▸ **WHAT IS NEEDED**: The result should be the listing below restated word for word, with images left out.

▸ **GIVEN DATA**:
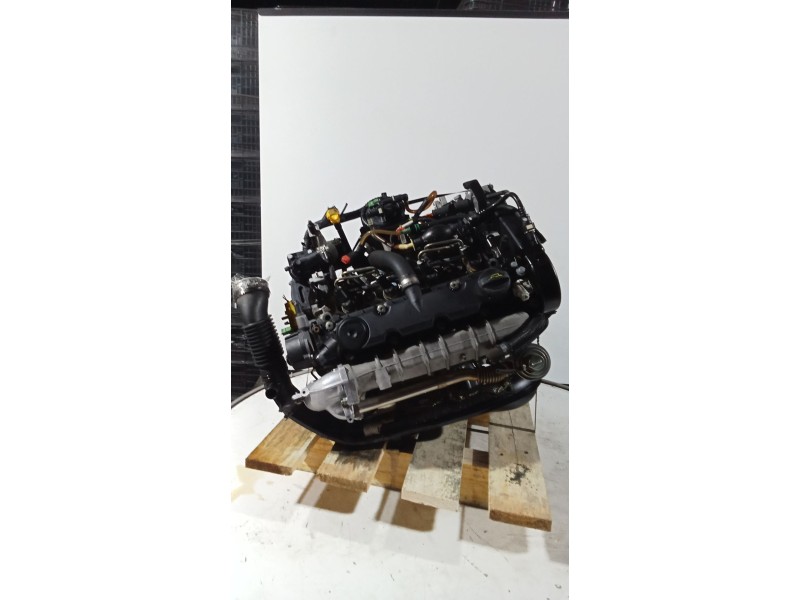 Recambio de motor completo para citroën xsara coupé (n0) 2.0 hdi 90 referencia OEM IAM RHY 10DYSC 3043777 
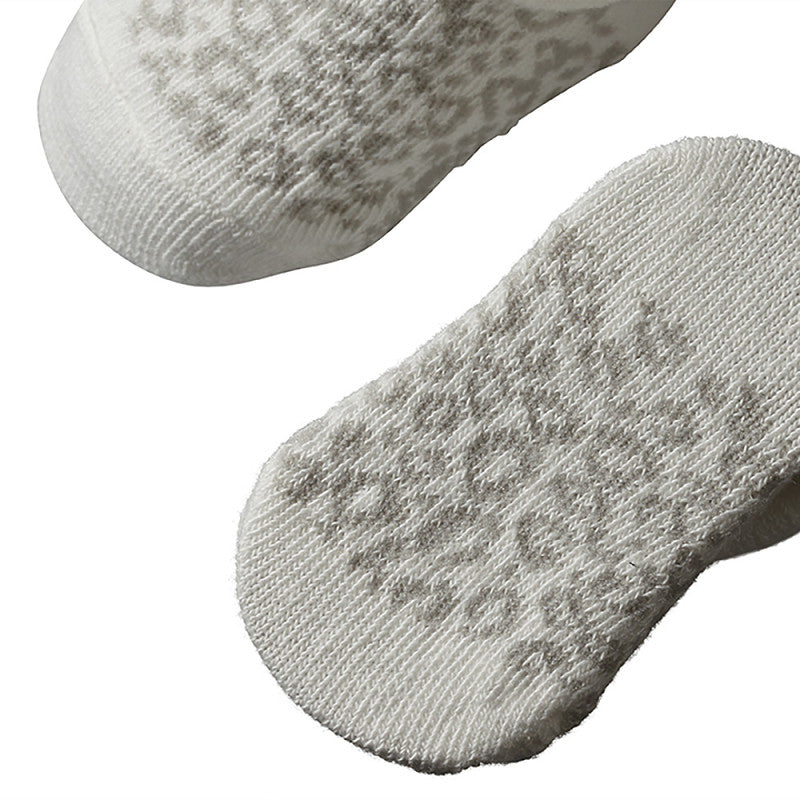Apollo babies leopard gift box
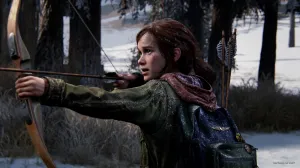 SONY PS5 hra The Last Of Us Part I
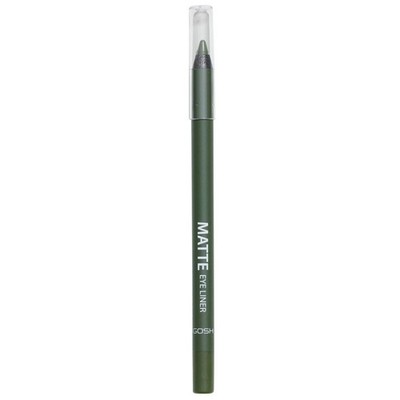 Gosh Matte Eye Liner 018 Olive Green 1,2g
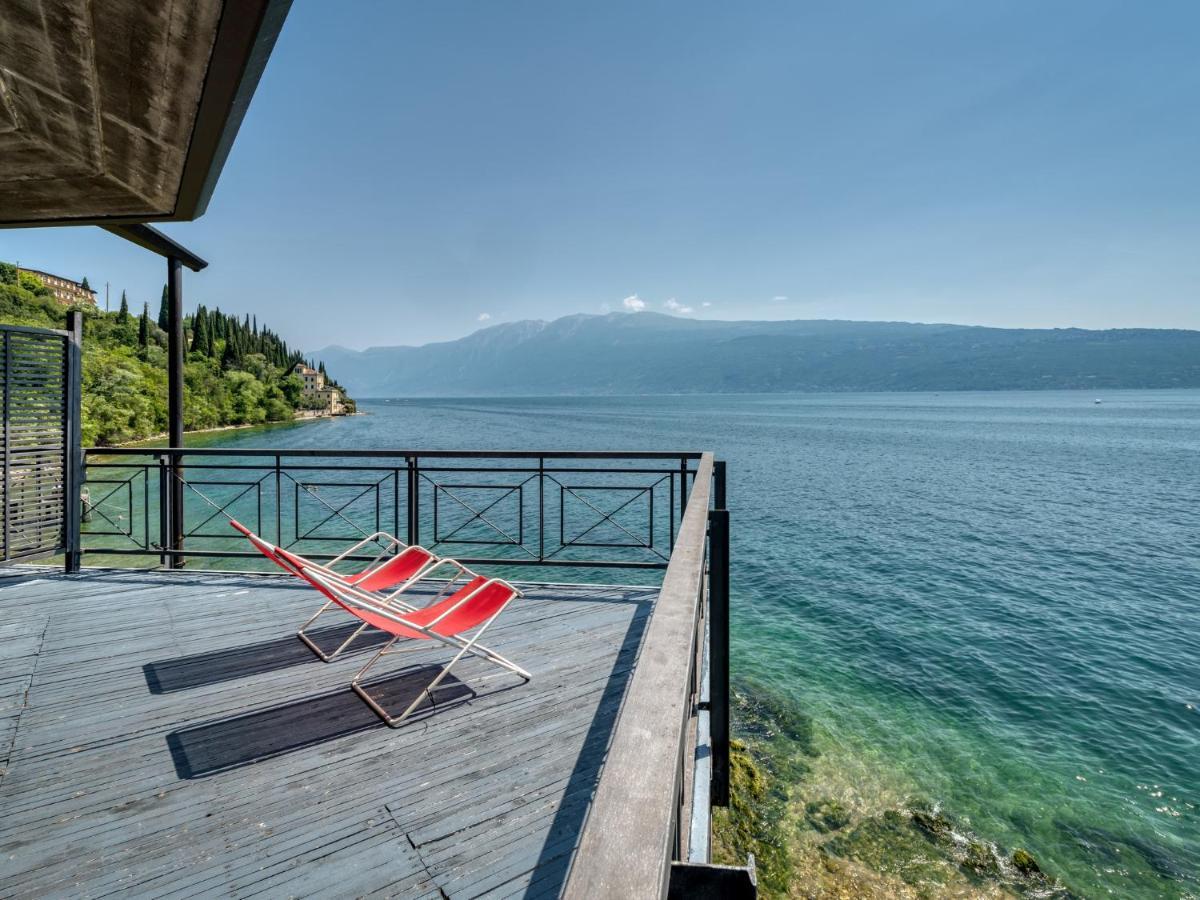 Villa Cappellina Тосколано Мадерно Екстериор снимка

▸ **ANSWER SECTION**:
 Recambio de motor completo para citroën xsara coupé (n0) 2.0 hdi 90 referencia OEM IAM RHY 10DYSC 3043777 
Apollo babies leopard gift box
 SONY PS5 hra The Last Of Us Part I
 Gosh Matte Eye Liner 018 Olive Green 1,2g
 Villa Cappellina Тосколано Мадерно Екстериор снимка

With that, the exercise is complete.